Go to your Premiere installation folder and execute the program "GPUSniffer.exe" (from the command line; use the "cmd" tool under Windows accessories)

It will display a bunch of information. The salient thing to check is that the card(s) you have claim to have Cuda support. If they don't then stop, it won't work. You're looking for the block of text at the end that starts with "CUDA Device x" (where "X" is the number of the display adapter(s) in your machine) This is found under the "GPU Computation Info" block.

The salient information is the "Name" of the device, which is the next line. Write it down EXACTLY (capitalization counts!)

Now look for the file "cuda_supported_cards.​txt" in the Premiere directory. Open it in Notepad. You will see a list of cards; those are the ones that Adobe recognizes. Add your card's information to the end of the file, EXACTLY as you copied it.

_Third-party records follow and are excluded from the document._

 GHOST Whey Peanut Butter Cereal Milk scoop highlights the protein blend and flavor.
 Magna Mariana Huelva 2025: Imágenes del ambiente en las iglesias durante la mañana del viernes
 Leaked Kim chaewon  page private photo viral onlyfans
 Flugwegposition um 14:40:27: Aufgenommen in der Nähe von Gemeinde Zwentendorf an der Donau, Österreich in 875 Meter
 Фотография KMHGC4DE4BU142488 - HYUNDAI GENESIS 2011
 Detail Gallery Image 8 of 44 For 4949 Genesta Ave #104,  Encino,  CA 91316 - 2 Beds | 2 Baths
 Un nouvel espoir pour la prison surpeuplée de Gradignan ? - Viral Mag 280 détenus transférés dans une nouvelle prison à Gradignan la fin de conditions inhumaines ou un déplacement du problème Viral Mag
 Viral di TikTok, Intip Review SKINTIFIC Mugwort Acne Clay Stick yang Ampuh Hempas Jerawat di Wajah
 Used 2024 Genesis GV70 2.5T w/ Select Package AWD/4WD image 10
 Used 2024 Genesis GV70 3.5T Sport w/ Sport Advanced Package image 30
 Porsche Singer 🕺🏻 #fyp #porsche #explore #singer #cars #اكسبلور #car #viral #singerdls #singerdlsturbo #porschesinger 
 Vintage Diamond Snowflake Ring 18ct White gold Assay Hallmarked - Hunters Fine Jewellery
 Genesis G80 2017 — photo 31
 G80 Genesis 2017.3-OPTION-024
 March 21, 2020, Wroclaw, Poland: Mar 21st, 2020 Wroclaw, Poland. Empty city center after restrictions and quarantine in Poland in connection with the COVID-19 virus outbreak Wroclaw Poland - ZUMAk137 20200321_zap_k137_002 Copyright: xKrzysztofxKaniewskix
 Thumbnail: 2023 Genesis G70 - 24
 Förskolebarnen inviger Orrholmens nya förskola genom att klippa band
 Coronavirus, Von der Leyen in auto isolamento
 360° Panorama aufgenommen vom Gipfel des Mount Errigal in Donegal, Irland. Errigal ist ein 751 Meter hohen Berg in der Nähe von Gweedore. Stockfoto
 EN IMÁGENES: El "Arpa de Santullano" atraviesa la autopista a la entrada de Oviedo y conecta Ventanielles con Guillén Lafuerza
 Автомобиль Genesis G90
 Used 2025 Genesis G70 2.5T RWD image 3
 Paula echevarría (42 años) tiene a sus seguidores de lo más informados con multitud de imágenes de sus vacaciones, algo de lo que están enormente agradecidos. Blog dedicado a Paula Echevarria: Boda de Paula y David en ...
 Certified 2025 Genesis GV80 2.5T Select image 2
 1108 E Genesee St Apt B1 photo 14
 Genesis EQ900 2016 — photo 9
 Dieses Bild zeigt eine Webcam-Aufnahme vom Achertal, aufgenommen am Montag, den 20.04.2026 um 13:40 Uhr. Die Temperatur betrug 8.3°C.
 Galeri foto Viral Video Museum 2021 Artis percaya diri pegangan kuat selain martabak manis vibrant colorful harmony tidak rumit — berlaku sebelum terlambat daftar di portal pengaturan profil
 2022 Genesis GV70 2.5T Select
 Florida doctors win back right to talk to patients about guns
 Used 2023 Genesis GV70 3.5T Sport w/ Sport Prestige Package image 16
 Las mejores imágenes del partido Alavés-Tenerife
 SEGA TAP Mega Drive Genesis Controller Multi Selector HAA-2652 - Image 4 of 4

For example, my card shows as a "GeForce GTX 660", so I add to the end of the file:

GeForce GTX 660

Save the file and exit.

You should now be able to turn on the Mercury Engine CUDA acceleration in Premiere's preferences.

Yeah, it really is that easy.

It's unsupported of course so if there's a problem with using it (e.g. you get crashes or similar) you're on your own -- worst case you have to turn it back off in preferences. I've had zero trouble with it on however, and it makes an utterly enormous difference in performance.

Note that updates may overwrite the file; if you find that it has magically turned itself off after you load a software update just go back in there and turn it back on.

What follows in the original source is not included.